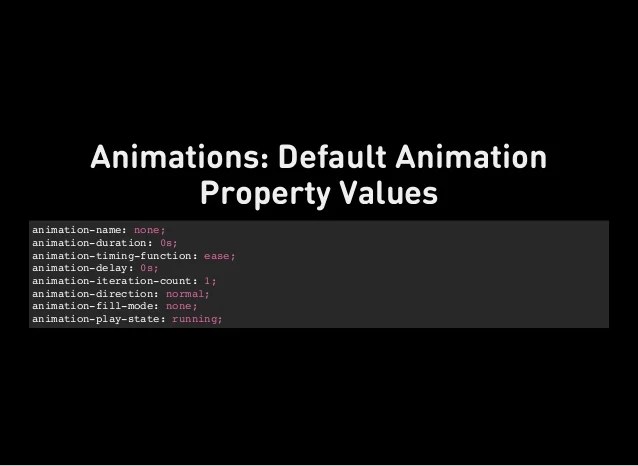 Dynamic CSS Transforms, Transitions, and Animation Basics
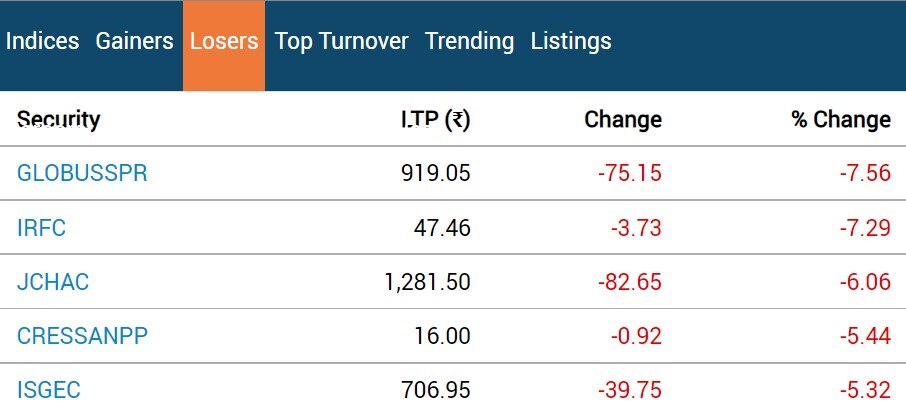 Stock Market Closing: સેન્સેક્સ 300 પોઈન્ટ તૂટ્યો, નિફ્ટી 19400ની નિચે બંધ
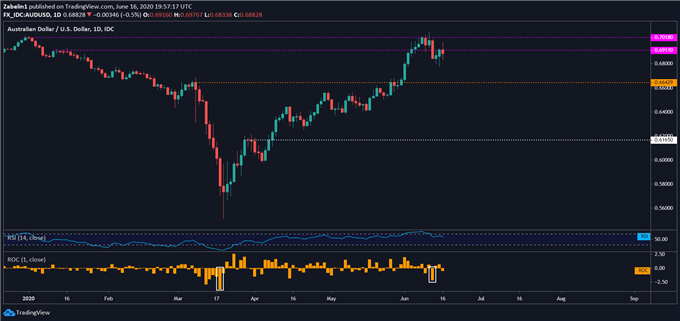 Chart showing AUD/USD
•••
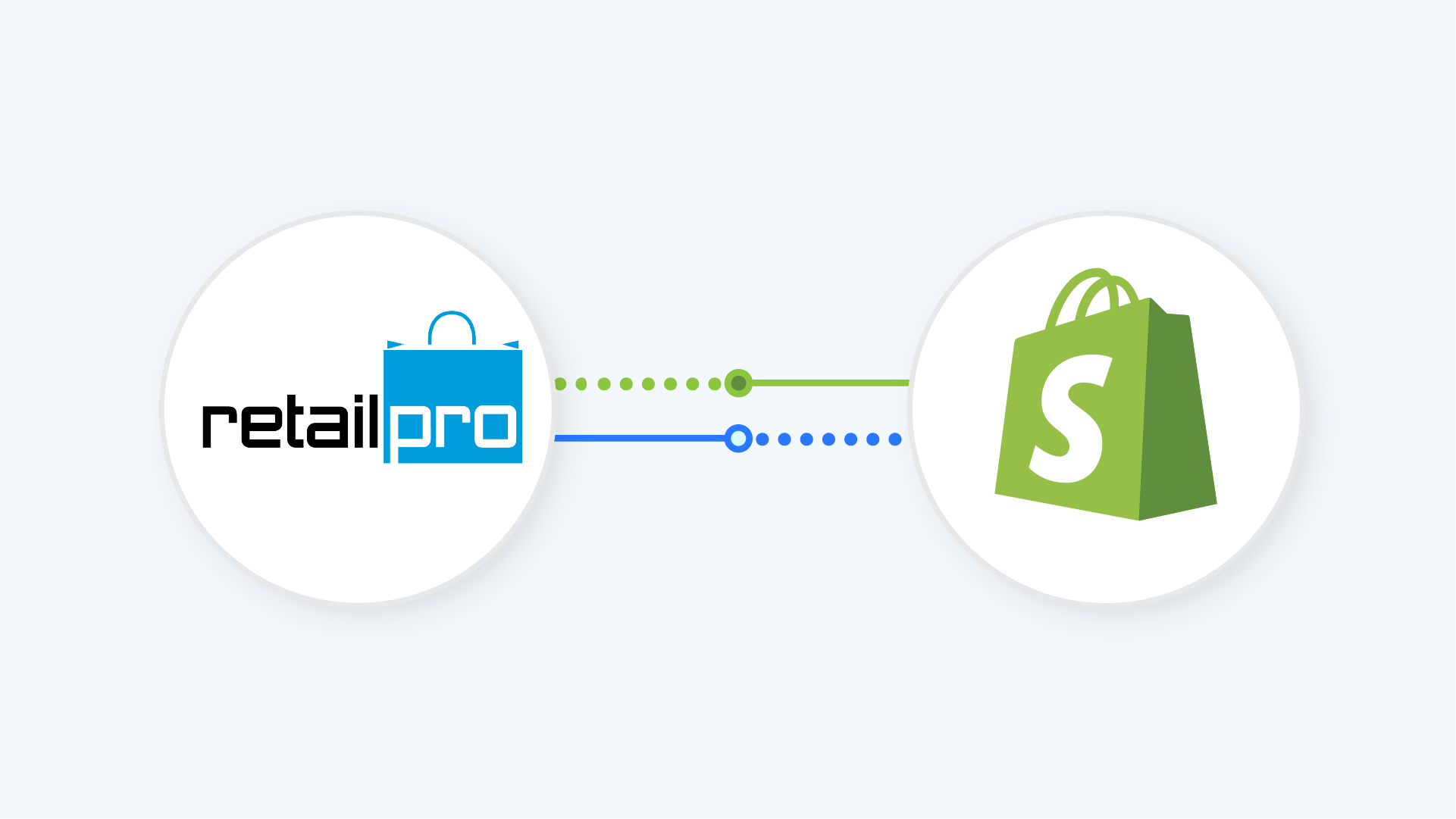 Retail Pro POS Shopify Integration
•••
Text only, no pictures: please print exactly the lines above from the line with "Dynamic CSS Transforms, Transitions, and" up to and including the line with "Chart showing AUD/USD", and nothing else.

 Dynamic CSS Transforms, Transitions, and Animation Basics
 Stock Market Closing: સેન્સેક્સ 300 પોઈન્ટ તૂટ્યો, નિફ્ટી 19400ની નિચે બંધ
 Chart showing AUD/USD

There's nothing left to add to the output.